Let me say this again: The Zig language, just like Rust, guarantees that there are no bounds violations (except in syntactically demarcated unsafe code). C++ just doesn't do that.
That is not to say that the lack of this guarantee in C++ means you can't write correct programs in C++ as easily as in Zig or in Rust, but it is, nevertheless, a difference in the guarantees made by the language.
> It seems like now safety is being redefined to say that memory leaks don't count and numeric overflow needs to be done like zig
Memory unsafety is generally considered to be some subset of undefined behaviour (possibly including all undefined behaviour). Out-of-memory and stack overflow errors are definitely problems, but as they don't cause undefined behaviour (well, depending on stack protection) they're not usually regarded in the class of properties called memory safety.
Numeric overflows, on the other hand, might also not be regarded as memory safety, but they are very much undefined behaviour in both C and C++.
I'm not aware of any popular language - even a high level one - that prevents memory leaks with any kind of guarantee (although these come in different flavours too, and some kinds are prevented in Java). C/C++/Rust/Zig certainly don't.
Memory leaks are often a part of the definition of memory safety because otherwise it is trivial to fix use-after-free, i.e. simple never free the memory. Rust dropped this part because it was too hard. So in some sense the cheated a little bit.
You said that already, but when saying zig is safer than C++, pragmatically it isn't because C++ bounds checks in the standard library but zig can never have the automatic resource management that C++ has, and that's what people use all day every day.
But if we're talking about memory safety - which is something very specific - then, for whatever it's worth, Zig is more memory-safe than C++ and Rust is more memory-safe than Zig.
You said zig is safer than C++, then to make that argument you keep trying to redefine what safety means to include only features in the language syntax but not done in libraries while saying memory leaks don't matter and automatically freeing memory correctly doesn't matter.
I definitely didn't say that memory leaks don't matter. They could possibly matter more than memory safety. They are just not called memory safety bugs, or code injection bugs, or off-by-one bugs.
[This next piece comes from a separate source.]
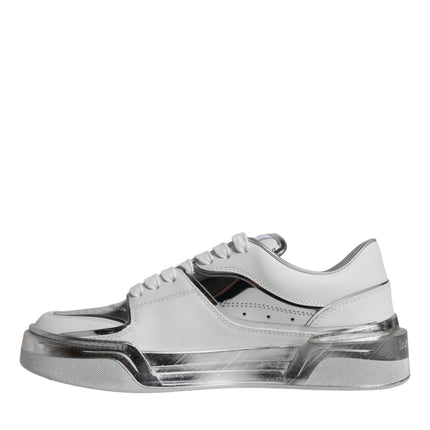 Dolce & Gabbana White Silver Leather Low Top Sneakers Shoes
Memory safety is a name given to a class of bugs that lead to undefined behaviour in C or C++. It's not necessarily the most important class of bugs, but it is one, and when we're talking about preventing code injection or memory safety issues, we're not talking about preventing memory leaks - even if they're worse.
Now, if you want to talk about memory leaks and not memory safety (again, it's just a name given to some bugs and not others) then C, C++, Zig, and Rust, do not prevent them. Java prevents the kind "I forgot to free this object" kind, but not "I forgot about this object" kind.
Now, because unlike memory safety, none of these languages prevents memory leaks, it's really hard to say which of them leads to the fewest memory leaks. You really like C++'s destructors and find them useful, I really hate C++'s destructors and find them harmful, and we all have different opinions on why our way is better when it comes to memory leaks. What we don't have is data. So you can say having destructors helps and I can say no they don't until the end of time, but there's no way of knowing which is really better. So all we can do now, is to use the things we find useful to us without making broad generalisations about software correctness that we can't actually support with any evidence.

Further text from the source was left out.